1.15.10 Criminal Defense Newsletter
Drugs and other controlled substances are governed by Chapter 94C of the General Laws of Massachusetts. Controlled substances are broken down into five schedules for the purpose of regulating the manufacture, distribution, dispensing, and possession of controlled substances. Examples of Class A substances are Heroin, Morphine, GHB, and Special K. Examples of Class B substances are Cocaine, LSD, Oxycontin, Ecstasy, Amphetamines, and Methamphetamines. Class C substances include Clonazepam, Vicodin, and Valium. Examples of Class D substances are Marijuana and Phenobarbital. Class E substances include lighter doses of prescription drugs containing Codeine, Morphine, and Opium.
In Massachusetts, unlawful possession of controlled substances is governed by Section 34 of Chapter 94C of the General Laws of Massachusetts. In order for an individual to be convicted of unlawful possession of a controlled substance, he or she must knowingly and intentionally possess a controlled substance. The statute exempts possession of all controlled substances that are obtained from practitioners, such as doctors, who are acting in the course of their professional practice.
Unlawful possession of most controlled substances is punishable by imprisonment of up to 1 year and/or a fine of up to $1,000. The individual’s motor vehicle license will also be suspended for a minimum of 1 year. A second offense of unlawful possession of most controlled substances is punishable by up to 2 years in the house of correction and/or a fine of up to $2,000. Again, the individual’s motor vehicle license will be suspended for a minimum of 1 year. These punishments apply to the unlawful possession of all controlled substances except for Heroin, Marijuana, and Class E substances.Heroin
Possession of heroin is punishable by imprisonment in a house of correction for up to 2 years and/or a fine of up to $2,000. The individual’s motor vehicle license will also be suspended for a minimum of one year.
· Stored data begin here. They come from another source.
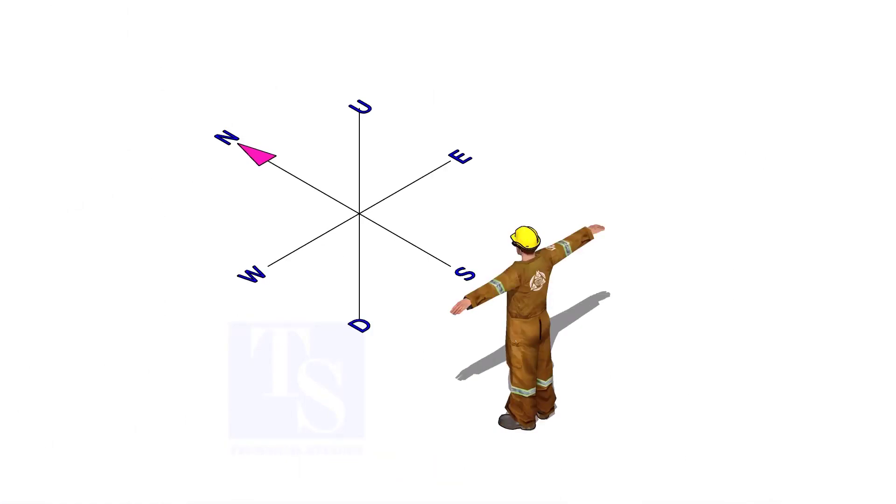Assume you are standing facing to the north. You know your back is to the south, your right hand to the east direction, and the left hand to the west. And everyone knows the up and down directions.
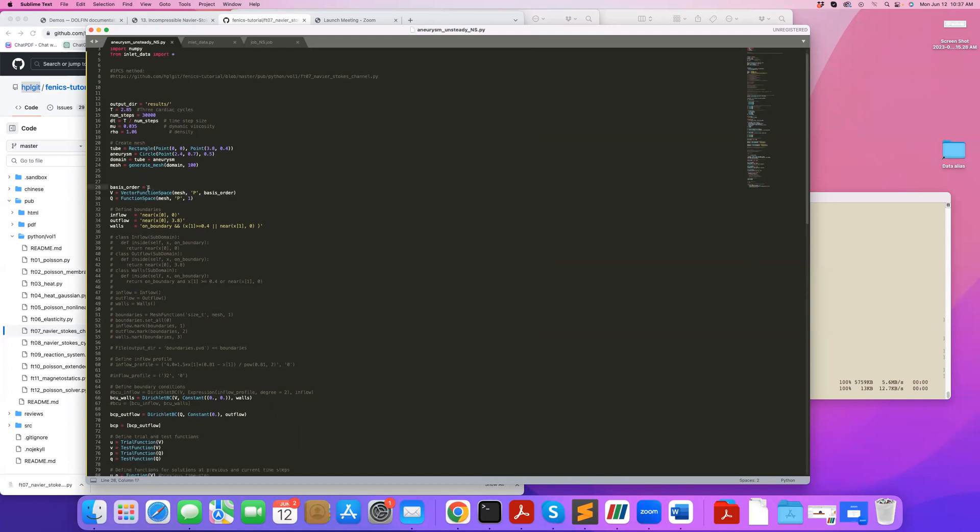In this example I'm going to use first order elements. Oftentimes when we do unstabilized Navier-Stokes solvers we use P2P1 elements, so second order elements, but the nice thing about these Chorin-type methods is that even with P1P1 elements you can get a stable nice solution without stabilization, whereas if you use the coupled momentum method you absolutely need stabilization with first order shape functions.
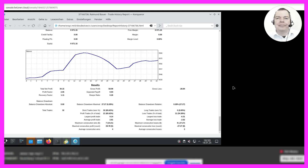Do you have any suggestions to improve it? One thing to look at is the relatively high gross loss of minus 28.94, in comparison with the net profit of 30.15. You may want to try to reduce the magnitude of the losses to improve the system's overall performance. Additionally, you might look at the system's Sharpe ratio, which at 0.26 is not very high and could potentially be improved.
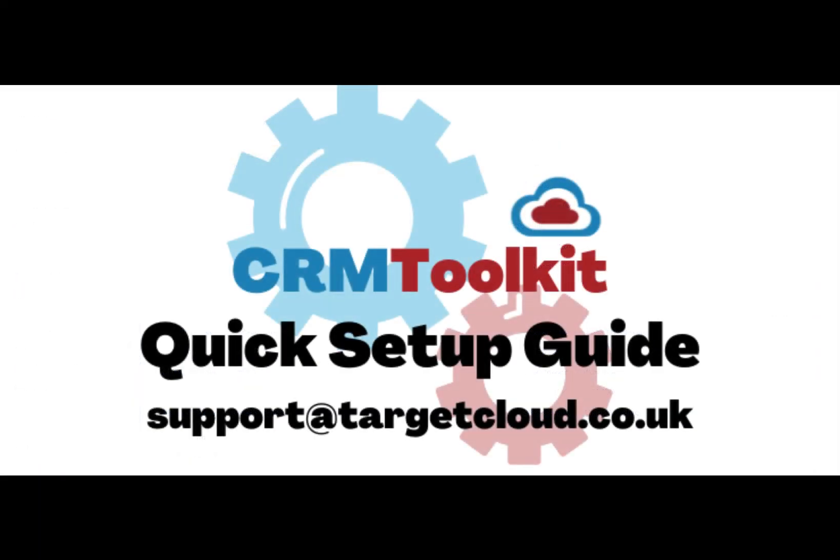Thanks for taking the time to install CRM Toolkit. We hope you enjoy the tool. If you have any questions, please contact us at support@targetcloud.co.uk.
A second offense of possession of heroin is punishable by imprisonment in the state prison for at least 2.5 years but no more than 5 years, or by a fine of up to $5,000 and imprisonment in a jail or house of correction for no more than 2.5 years. Again, the individual’s motor vehicle license will be suspended for a minimum of 1 year.Marijuana
Possession of more than one ounce of Marijuana or a controlled substance in Class E is punishable by imprisonment in a house of correction for up to 6 months and/or a fine of $500. The individual’s motor vehicle license will also be suspended for a minimum of 1 year. A second offense of possession of more than one ounce of Marijuana is punishable by imprisonment in a house of correction for up to 2 years and/or a fine of up to $2,000. Again, the individual’s motor vehicle license will be suspended for a minimum of 1 year.
Possession of one ounce or less of Marijuana is not punishable as a criminal offense. An individual who is 18 years of age or older who is possessing one ounce or less of Marijuana must pay a civil fine of $100 and surrender the Marijuana to authorities. The individual is not subject to any other criminal or civil punishment.
If the individual is under the age of 18, in addition to paying a civil fine of $100 and surrendering the marijuana, he or she must attend a drug awareness program. The parents or legal guardians of the individual will be notified of the offense and of the availability of a drug awareness program and community service option. If an individual under the age of 18 does not complete the drug awareness program and the required community service, the civil penalty may be increased from $100 to $1,000. If this occurs, the individual and his or her parents will be jointly and severally liable for payment of the fine.
An individual who is a patient in a therapeutic research program cannot be convicted of unlawful possession of Marijuana for possessing Marijuana for personal use pursuant to the program.Dismissal
Individuals who have been charged with unlawful possession of a controlled substance, but have not previously been convicted of a drug possession offense or of a drug-related felony under Massachusetts or U.S. laws, may have their case continued without a finding to a certain date or, if convicted, may be placed on probation. If the individuals do not violate any conditions of their continuance or probation during the given time period, the court may dismiss the proceeding against them at the expiration of the time period and order that all official records related to their arrest, indictment, conviction, probation, continuance or discharge be sealed. However, departmental records which are not public records, such as those maintained by law enforcement agencies, will not be sealed. These records will be maintained in a separate file by the department of probation for the sole purpose of being used by the courts in subsequent proceedings against the individuals to determine whether they qualify for this same exception in the future.
Any person who is convicted for the first time of possession of marijuana or a Class E controlled substance, who has not previously been convicted of a drug-related offense, shall be placed on probation unless the court files a written memorandum stating the reasons for not placing them on probation.